The Benefits of Drug and Alcohol Interventions
Drug and Alcohol Interventions Initiate Change
The biggest benefit of drug and alcohol interventions is that interventions have the power to initiate change.
Human beings can get stressed or frustrated, when presented with a tough decision in their life, and can find themselves in a situation where they know the solution, but can’t take steps toward that solution. With drug and alcohol abuse and addiction, many individuals recognize (to some degree) that there are problems in their life, and substance abuse is likely playing a part-in – or causing – the problems. They just can’t bring themselves to begin any change.
Drug and Alcohol Interventions Can Help to Overcome Addiction Denial
Denial is one of the main factors that prevent individuals from seeking drug and alcohol treatment. Denial can come from both the addict, who may be unable to recognize the seriousness of their problem, and denial can come from family members, spouses, or friends of the individual – whose denial can act as a form of enabling.
How Family Members, Spouses, and Friends of Addicts can Enable Drug and Alcohol Addiction
If you are not moving forward, you are falling behind. If you are not helping a loved one or friend to address their substance abuse issues, refusing to acknowledge the issues, or justifying the reasons for the issues, you are helping them to continue with their self-destructive behaviors. Examples of enabling behaviors in drug and alcohol addiction may include the following situations:
- Example 1: Parents allow their son, who is an alcoholic, live with them rent-free. He has no job, and simply drinks from the moment he wakes up in the afternoon, until passing out early the next morning. Because the alcoholic son has a living situation that allows him to continue his chronic alcohol abuse, without repercussions, he has no accountability for his behaviors and no motivation to change.
- Example 2: A boyfriend and girlfriend have been living together for over a year. Both have used heavy amounts of alcohol for years, but now – with both in their early thirties – the drinking is less of a celebration. Both need alcohol after they get home every night from work to “take the edge off,” and to deal with their stress. Both see the warning signs of a growing dependence to alcohol, but only the boyfriend actively considers quitting.Worried that her boyfriend’s urge to quit drinking may force her to cut down or quit drinking, the girlfriend begins to cause chaos in the relationship, pushing alcohol as a solution to the problems. This prolongs the alcohol abuse in both parties and prevents both from seeking help for alcohol addiction.

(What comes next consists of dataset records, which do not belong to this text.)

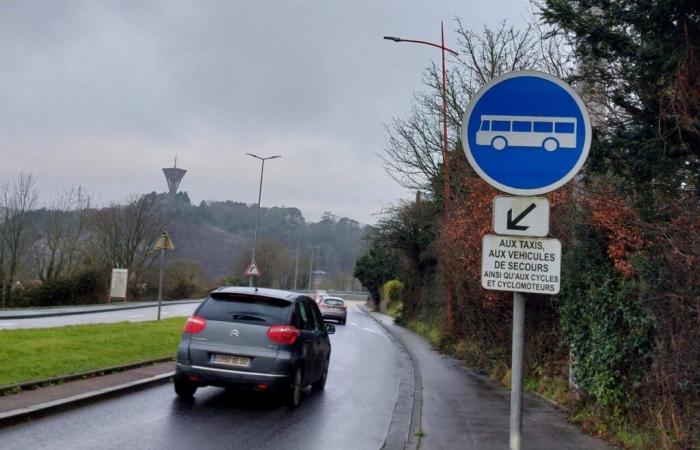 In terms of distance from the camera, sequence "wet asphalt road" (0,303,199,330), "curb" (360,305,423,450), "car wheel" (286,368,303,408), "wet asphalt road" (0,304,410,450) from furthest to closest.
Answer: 1. "wet asphalt road" (0,303,199,330)
2. "car wheel" (286,368,303,408)
3. "curb" (360,305,423,450)
4. "wet asphalt road" (0,304,410,450)

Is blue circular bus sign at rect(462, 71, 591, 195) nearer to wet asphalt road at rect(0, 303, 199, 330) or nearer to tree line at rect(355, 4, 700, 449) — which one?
tree line at rect(355, 4, 700, 449)

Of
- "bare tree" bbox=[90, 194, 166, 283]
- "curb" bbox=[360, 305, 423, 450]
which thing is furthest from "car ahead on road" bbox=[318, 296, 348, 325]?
"curb" bbox=[360, 305, 423, 450]

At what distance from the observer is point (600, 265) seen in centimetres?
942

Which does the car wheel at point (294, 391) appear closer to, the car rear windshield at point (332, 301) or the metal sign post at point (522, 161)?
the metal sign post at point (522, 161)

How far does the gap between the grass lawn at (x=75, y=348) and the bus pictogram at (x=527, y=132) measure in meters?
8.62

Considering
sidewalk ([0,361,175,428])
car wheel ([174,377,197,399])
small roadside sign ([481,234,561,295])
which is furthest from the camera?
car wheel ([174,377,197,399])

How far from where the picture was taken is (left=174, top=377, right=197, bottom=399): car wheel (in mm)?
10960

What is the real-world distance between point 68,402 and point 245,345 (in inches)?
96.4

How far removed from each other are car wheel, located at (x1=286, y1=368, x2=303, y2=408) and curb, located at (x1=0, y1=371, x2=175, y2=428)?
254 cm

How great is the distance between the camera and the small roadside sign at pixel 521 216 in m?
4.20

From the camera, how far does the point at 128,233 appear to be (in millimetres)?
60250

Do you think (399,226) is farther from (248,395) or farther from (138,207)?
(138,207)

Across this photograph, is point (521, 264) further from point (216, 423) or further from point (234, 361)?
point (234, 361)

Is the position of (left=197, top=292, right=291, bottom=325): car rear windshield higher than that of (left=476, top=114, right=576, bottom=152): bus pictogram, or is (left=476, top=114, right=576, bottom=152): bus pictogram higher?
(left=476, top=114, right=576, bottom=152): bus pictogram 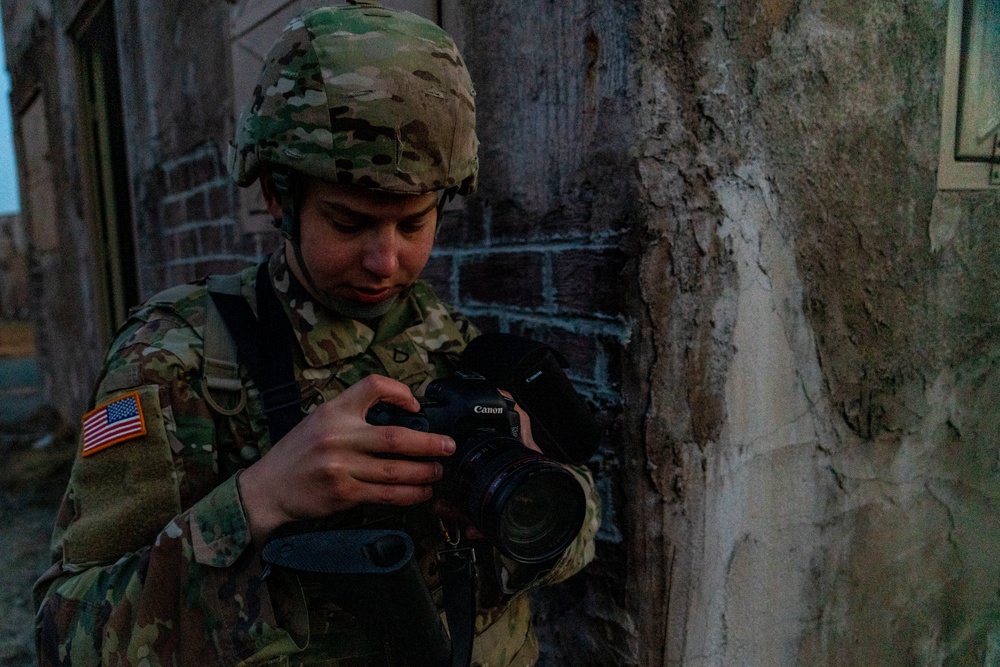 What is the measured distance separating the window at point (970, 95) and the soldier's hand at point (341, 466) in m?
1.24

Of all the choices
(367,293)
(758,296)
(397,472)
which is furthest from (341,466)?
(758,296)

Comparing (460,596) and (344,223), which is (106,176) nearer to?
(344,223)

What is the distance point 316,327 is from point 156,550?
0.38m

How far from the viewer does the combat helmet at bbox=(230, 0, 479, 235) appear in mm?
957

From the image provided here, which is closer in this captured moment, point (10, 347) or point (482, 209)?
point (482, 209)

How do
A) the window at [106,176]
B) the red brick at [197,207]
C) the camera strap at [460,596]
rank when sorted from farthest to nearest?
the window at [106,176]
the red brick at [197,207]
the camera strap at [460,596]

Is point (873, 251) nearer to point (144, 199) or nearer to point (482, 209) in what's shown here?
point (482, 209)

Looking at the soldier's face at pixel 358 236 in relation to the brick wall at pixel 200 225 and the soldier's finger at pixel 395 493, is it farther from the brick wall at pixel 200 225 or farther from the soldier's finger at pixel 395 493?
the brick wall at pixel 200 225

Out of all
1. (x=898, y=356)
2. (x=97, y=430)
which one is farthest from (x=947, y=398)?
(x=97, y=430)

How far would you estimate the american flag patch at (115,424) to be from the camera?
2.94ft

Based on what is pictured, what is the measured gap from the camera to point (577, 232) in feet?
3.96

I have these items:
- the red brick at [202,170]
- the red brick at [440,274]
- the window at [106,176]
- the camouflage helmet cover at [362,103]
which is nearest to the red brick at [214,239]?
the red brick at [202,170]

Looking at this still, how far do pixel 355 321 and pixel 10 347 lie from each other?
12.9 metres

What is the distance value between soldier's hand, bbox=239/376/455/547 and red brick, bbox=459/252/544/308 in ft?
1.61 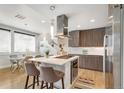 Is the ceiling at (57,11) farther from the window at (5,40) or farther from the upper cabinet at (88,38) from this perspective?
the window at (5,40)

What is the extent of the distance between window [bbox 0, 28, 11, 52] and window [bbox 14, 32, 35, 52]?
39 cm

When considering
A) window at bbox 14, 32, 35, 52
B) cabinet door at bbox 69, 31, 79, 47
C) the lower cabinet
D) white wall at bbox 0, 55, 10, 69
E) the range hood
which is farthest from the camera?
window at bbox 14, 32, 35, 52

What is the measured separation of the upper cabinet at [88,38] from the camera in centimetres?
491

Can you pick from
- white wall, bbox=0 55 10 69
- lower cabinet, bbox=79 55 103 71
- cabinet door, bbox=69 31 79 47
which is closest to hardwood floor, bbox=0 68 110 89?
lower cabinet, bbox=79 55 103 71

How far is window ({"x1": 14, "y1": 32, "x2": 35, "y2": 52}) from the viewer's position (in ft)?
18.2

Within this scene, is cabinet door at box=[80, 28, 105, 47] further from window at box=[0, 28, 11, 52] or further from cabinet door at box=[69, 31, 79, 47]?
window at box=[0, 28, 11, 52]

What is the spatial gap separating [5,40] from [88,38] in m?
4.46

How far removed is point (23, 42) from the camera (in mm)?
5758

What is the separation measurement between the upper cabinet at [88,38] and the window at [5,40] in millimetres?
3429

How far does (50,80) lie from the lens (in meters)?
1.83

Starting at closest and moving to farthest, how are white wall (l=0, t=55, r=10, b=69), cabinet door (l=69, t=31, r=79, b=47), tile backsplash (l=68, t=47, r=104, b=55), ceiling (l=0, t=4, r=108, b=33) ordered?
1. ceiling (l=0, t=4, r=108, b=33)
2. white wall (l=0, t=55, r=10, b=69)
3. tile backsplash (l=68, t=47, r=104, b=55)
4. cabinet door (l=69, t=31, r=79, b=47)

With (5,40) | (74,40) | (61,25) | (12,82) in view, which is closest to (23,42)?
(5,40) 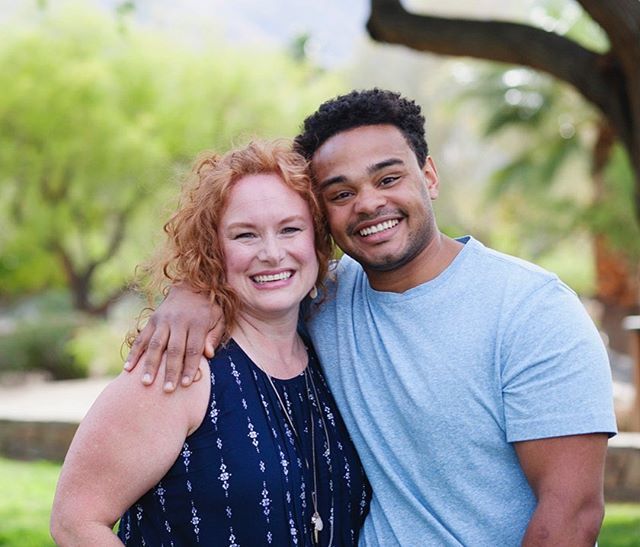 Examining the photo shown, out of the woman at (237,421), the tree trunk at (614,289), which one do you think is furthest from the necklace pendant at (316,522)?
the tree trunk at (614,289)

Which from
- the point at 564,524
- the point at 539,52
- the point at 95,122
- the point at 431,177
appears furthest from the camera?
the point at 95,122

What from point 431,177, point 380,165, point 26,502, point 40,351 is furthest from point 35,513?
point 40,351

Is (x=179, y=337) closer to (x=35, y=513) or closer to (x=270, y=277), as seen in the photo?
(x=270, y=277)

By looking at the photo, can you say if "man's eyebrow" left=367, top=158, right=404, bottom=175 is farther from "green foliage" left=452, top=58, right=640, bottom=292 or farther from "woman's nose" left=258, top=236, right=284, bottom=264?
"green foliage" left=452, top=58, right=640, bottom=292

- Example 3: Two friends are addicted to opioids. Both started by abusing prescription painkillers, and their addiction developed into a heroin addiction. The two work together to afford their nearly $200 per day heroin budget. Friend 1 suffers an overdose, but recovers, and wants to go to rehab. Friend #2, worried about protecting his own access to drugs, tries to discourage the other friend from seeking treatment.
The above are very general examples, but very real examples as well. In all of the examples, there is a form of enabling that is occurring, and allowing the behaviors and the chemical dependence to continue or worsen.
Drug and Alcohol Interventions Can Help to Overcome Enabling Behaviors
Drug and Alcohol Interventions are the best way to overcome enabling behaviors. In cases where an enabler must be cut out of the addict’s life, family and friends gather to intervene and show that it is the best decision to move forward and enter treatment – without worrying about what the enabler thinks.
In cases where the family member is the enabler – like our example of the parents who let their son live with them and without accountability – the interventionist intervenes in the behaviors of both the addict and the enabler(s). This is important because cutting the family members out of the recovery process is not a viable option.
During and after treatment, the addict will have to continue a relationship with the enabler parents, so it is important that the parents know their role in the recovery process, and know what changes they will have to make. The enabling parents or family members will need to make these changes if the recovering addict is to get sober and stay sober.
Drug and Alcohol Interventions before Drug and Alcohol Detox
Medically supervised detox is the first and most important step in early addiction treatment and recovery. Drug and alcohol detox needs to be done in the first weeks of an addict quitting the substance they are addicted to. Detox helps to prevent and decrease the intensity of the most serious and dangerous symptoms of drug and alcohol withdrawal; without detox, the risks of complications or death from drug and alcohol detox are very high.
Drug and alcohol interventions before entering detox are 100% essential, if the addict is not ready to agree to detox and addiction treatment. However, they are also essential even if the addict is ready and willing to enter an addiction treatment program. In these cases, the intervention works as an initial pre-treatment planning session, where all aspects of the upcoming treatment and recovery process are discusses. This helps to get everybody on the same page, and aware of what to expect throughout the following recovery efforts.
Substance abuse and addiction interventions are always recommended before detox, and can help to make a person’s recovery from drug and alcohol addiction go more smoothly and be successful.